- Poster
- Directed by: Magizh Thirumeni
- Written by: Magizh Thirumeni
- Produced by: Manickam Narayanan
- Starring: Sanjay; Ekta Khosla; Lizna; Pooja B.; Sai Prashanth;
- Cinematography: Arul Vincent
- Edited by: Anthony
- Music by: Thaman S
- Production company: Seventh Channel Communications
- Release date: 19 March 2010;
- Country: India
- Language: Tamil

= Mundhinam Paartheney =

Mundhinam Paartheney is a 2010 Indian Tamil-language romantic comedy film written and directed by debutant director Magizh Thirumeni, starring Sanjay, Ekta Khosla, Lizna, Pooja B. and Sai Prashanth in the lead roles.

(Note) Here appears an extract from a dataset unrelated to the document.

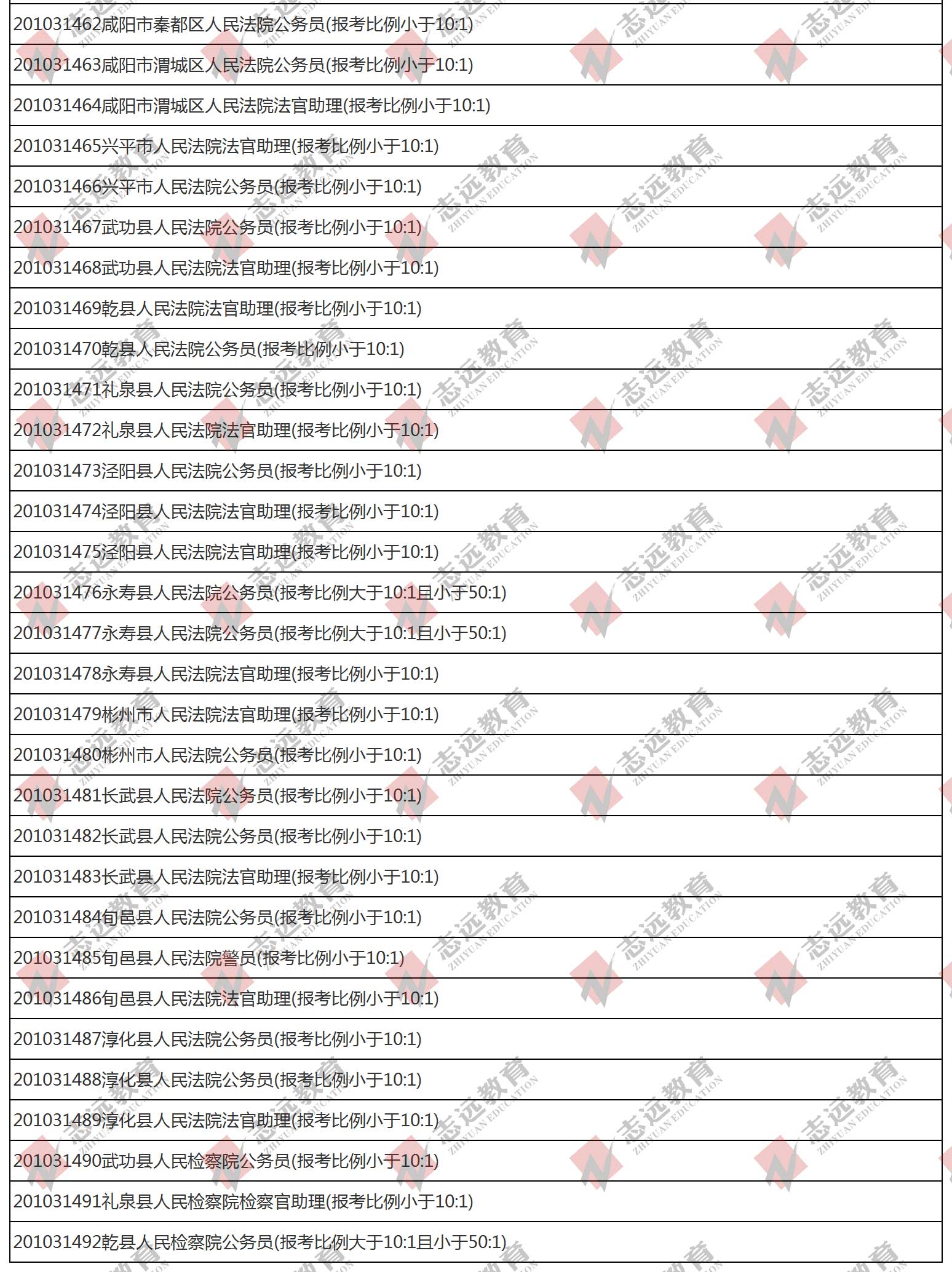 （截至1日17時(shí)）報(bào)名人數(shù)統(tǒng)計(jì):2020陜西公務(wù)員省考咸陽(yáng)市報(bào)考人數(shù)比例統(tǒng)計(jì)(圖6)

The film, produced by Manickam Narayanan's Seventh Channel Communications, was released on 19 March 2010.

== Plot ==

The story unfolds in London, where Sanjay, narrates about his 'kind' of girl, and talks about love. Cut to flashback, the hero meets Pooja. He repeatedly tries to impress her. But he learns that she plans to marry a NRI youth. Then comes Aarthi, a dance tutor. She is a girl with traditional ideas but a modern outlook. Unfortunately, the hero's attempts to settle down with her gets jinxed. Then enters Anu, Sanjay's colleague. How he tries to woo her forms the rest of the story.

== Production ==

Mundhinam Paartheney was the directorial debut of Magizh Thirumeni. The film's title is inspired by a song from Vaaranam Aayiram (2008). Sanjay Vellanki made his Tamil film debut in the role of a software professional. Ekta Khosla also made her Tamil debut with the film and plays a salsa dance instructor. Newcomer Lakshmi Priyaa Chandramouli played a supporting role in the film and shot for the film for ten days. A song choreographed by Ramash was shot on Khosla with Thota Tharani handling the art direction. The song "Maya" was shot at White Cliffs of Dover and Dover Castle.

== Soundtrack ==

The music was composed by Thaman S and was released on Sony Music India. Karthik Srinivasan from Milliblog wrote that "After last year's Eeram, Thaman displays tremendous confidence and delivers a sweet whopper!"

Track listing
| No. | Title | Lyrics | Singer(s) | Length |
|---|---|---|---|---|
| 1. | "Indre Indre" | Priyan | Ranjith | 4:05 |
| 2. | "Pesum Poove" | Viveka | Krish, Suchitra | 4:07 |
| 3. | "Manadhin Adiyil" | Priyan | Priyadarshini | 4:18 |
| 4. | "Maya" | Rohini | Naresh Iyer, Janani Bharadwaj | 5:10 |
| 5. | "Kanavena" | Rohini | Haricharan, Suchitra | 3:06 |
| 6. | "Mun Dhinam Paarthen" | Priyan | S. Thaman, Suchitra | 3:18 |
| Total length: |  |  |  | 24:04 |

== Release ==
Mundhinam Paartheney was released on 19 March 2010, alongside Kacheri Arambam and Oru Kathalan Oru Kathali. It secured the "best of screens and prime shows in multiplexes" among the releases and was projected to have a good opening due to its promotions and the popularity of its music. However, the film did not perform well at the box office.

== Reception ==
Pavithra Srinivasan of Rediff.com wrote "It might not be a slam-bang action movie with twists at every turn but Mundhinam Parthene is fairly accurate, humorous portrayal of life in a certain section of the society, deftly told. Definitely worth a watch". Gautaman Bhaskaran from Hindustan Times wrote "Mundhinam Paartheney is sadly, a good theme that has not been crafted with care. Indeed, a classic case of an interesting plot spoilt by an awful narrative style". A critic from Sify wrote that Magizh Thirumeni "has come out with flying colors as an independent director with Mundhinam Paartheney. It has a captivating freshness about it though there is nothing new in the story". Malathi Rangarajan from The Hindu wrote that "The screenplay presents much scope for director Magilzh Thirumeni to infuse scenes with a surfeit of sexual overtones. Yet he exercises restraint and comes out with a natural, underplayed fare". R. S. Prakash from Bangalore Mirror wrote that "It's a film that's an easy watch across an audience categories devoid of unnecessary elements in the name of commercial musts".